Valuable information learned at this year's conference:
1)
The Photobook: A History Volume 3 will be published next year! I am a big fan of volumes 1-2 as envious as they make me of Martin Parr's book collection. Who wouldn't love a publication that prints photographs of opened books like this:
Daido Moriyama,
Bye Bye Photography, 1972
2) Speaking of Mr. Parr, he is an endearing lecturer (by far my favorite talk of the conference). He showed his undergraduate school installation of photographs displayed in a living room, discussed
Bad Weather at length, and his infatuation with collecting political ephemera, Saddam Hussein watches (he owns 85) and Osama bin Laden paraphernalia.
So Long Osama Blood Orange Soda was the biggest oddity. Throughout most of the lecture, I dreamed of where Martin Parr stores all his objects (what does his house look like? how does he organize them? does he have room for more?).
Martin Parr from
Parrworld: Objects and Postcards
He also
stressed that he is photographing fictions not realities as he
intentionally captured litter at its worst in the image
below.
Martin Parr from
The Last Resort, 1983-85
I immediately placed
Autoportrait on my interlibrary loan list when returning. Ending his lecture standing under a photograph of his head superimposed on a muscle man's body was the perfect conclusion coming from a soft spoken Englishman who excused himself for "having a frog" in the middle of his lecture.
Martin Parr
from
Autoportrait
3) Garry Winogrand is on everyone's mind since his first
retrospective in 25 years opened at SFMOMA. I tend to love the photographers who make/made work vastly different from mine and he is no exception. Cass Fey and Leslie Calmes delivered an informative lecture on his archive at the Center for Creative Photography. His contact sheets are labeled PD if they are posthumously developed. If a print is made from one of those thousands of undeveloped rolls of film he left after he died, it can never be sold or de-accessioned. It exists only in the CCP archives. Small facts about printing work posthumously that I had always wondered about.
Garry Winogrand's
Women are Beautiful on view at the Art Institute
4) Why or why wasn't Kate Palmer Albers teaching the history of photography at University of Arizona when I was in graduate school? Her lecture
Abundant Images and the Collective Sublime resonated with me on so many levels.

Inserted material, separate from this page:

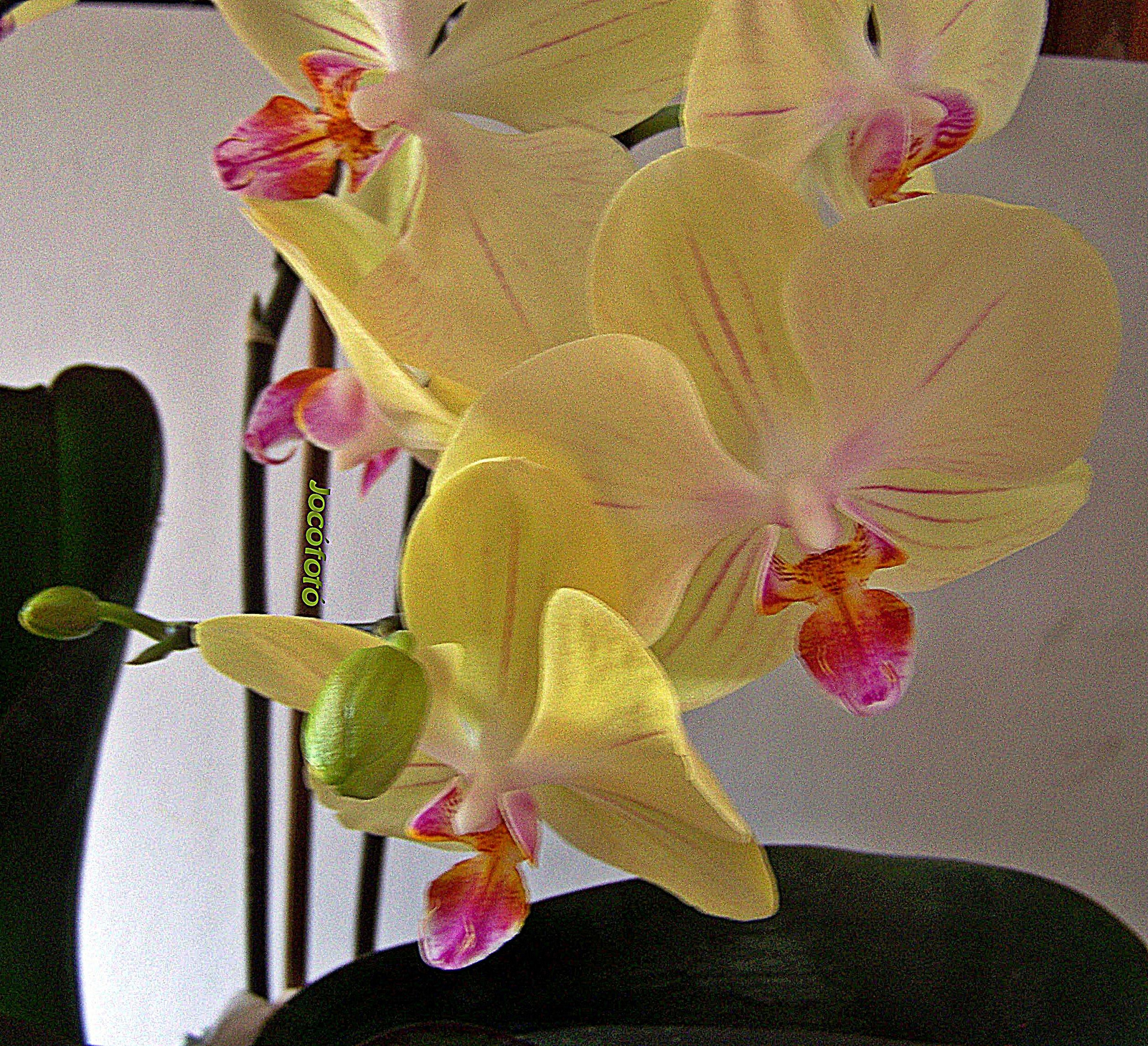 Orchidea 7946-1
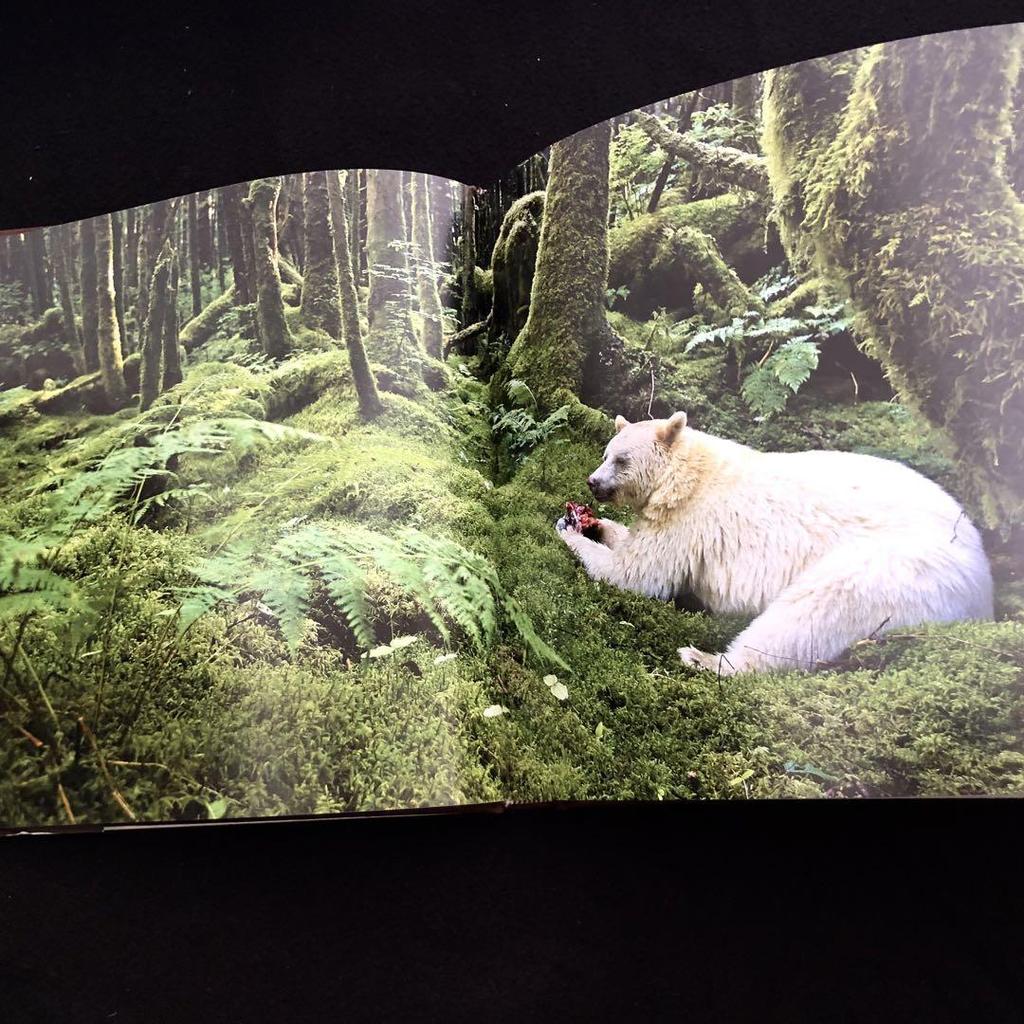 [USED] Paul Nicklen Photo Collection "Bear: Spirit of the Wild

She discussed one of my favorite contemporary photography installations:
Erik Kessels, printing every photograph uploaded onto Flickr in a 24 hour period (image
via)
Kessels piece, Penelope Umbrico's millions of sunsets,
Mark Klett and Byron Wolfe's 100 Setting Suns at the Grand Canyon, and
Gerhard Richter's Atlas were her primary examples of artists establishing mass.
Penelope Umbrico,
Suns from Sunsets from Flickr, 2006-ongoing
These artists obsessively mark time with photography. She also stressed that the "self-archive is rapidly gaining headway" as a viable form of art. Albers' talk validated my current interests in masses of objects and introduced me to new artists like
Hasan Elahi who explore surveillance and tracking in a contemporary way.
5) Richard Misrach's keynote lecture reminded me that I have to watch Spike Lee's follow-up to
When the Levees Broke -
If God is Willing and Da Creek Don't Rise. I've refrained for a few years but after hearing Misrach discuss his latest photographic series,
Petrochemical America, the time has come.
Richard Misrach,
Untitled, February 14, 2012, 6:19 PM
Misrach is getting closer to making portraits of people as he zooms in on the faces of swimmers. He returned to the same hotel room where he photographed
On the Beach (above) with a digital camera and telephoto lens. I don't know how I feel about those and am looking forward to seeing how they are received when he publishes them soon. I am so enamored with the vulnerable human surrounded by the sea (substitute me), I am not sure I want to know their identity.
6) SPE brought so many of my wonderful photo friends to Chicago some of which are pictured below.
James Luckett, Laurie Blakeslee, and Amelia Morris
Adam Neese in the Empire Room
Mark A. Lee after winning the Richard Misrach raffle photograph
Sneaking an image of a famous photographer...
the back of Jerry Uelsmann's head.
Wishing I had a photograph of...
me talking to Richard Misrach about our meeting in 1996.